In my Redmond magazine cover story this month, Clouds Collide in Strategic Microsoft vs. Google Battle,I reported how fiercely the two companies are going after each other in the hosted e-mail and Web productivity space.

Google is trying to eat into Microsoft's cash cows: Windows, Exchange, SharePoint and Office -- and the article explains how. While Microsoft likes to tout missing features in Google Apps, it's a moving target. Google frequently updates Google Apps.

One of the critiques of Google Apps was its approach to service level agreements.
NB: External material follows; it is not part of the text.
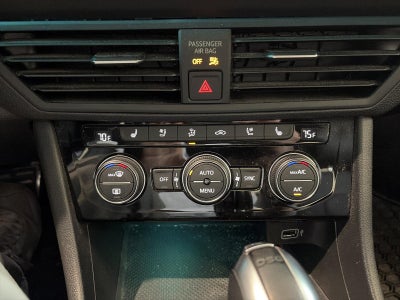 2019 Volkswagen Jetta GLI S DSG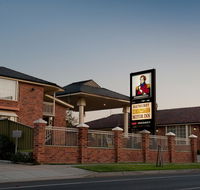 Bathurst Heritage Motor Inn - Maitland Accommodation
Specifically, downtime of less than 10 minutes wasn't included as part of the SLA. Google has amended its SLA so that even shorter amounts of downtime are now is included.

Moreover, Google has removed an SLA provision that permitted scheduled downtime. "Going forward, all downtime will be counted and applied towards the customer's SLA," wrote Matthew Glotzbach, Google's enterprise product management director, in a  blog post last month announcing the new policy.

Despite some outages, Glotzbach said that Gmail was available 99.984 percent of the time last year, covering both business users and consumers. "People expect e-mail to be as reliable as their phone's dial tone, and our goal is to deliver that kind of always-on availability with our applications," he noted.

As Google and Microsoft argue over whose service has features more conducive to how information is created and shared, availability and meeting service requirements will remain high on the requirements list. Providing E-mail dial tone must be a given. Google and Microsoft both appear to get that but the proof will be whether they can deliver.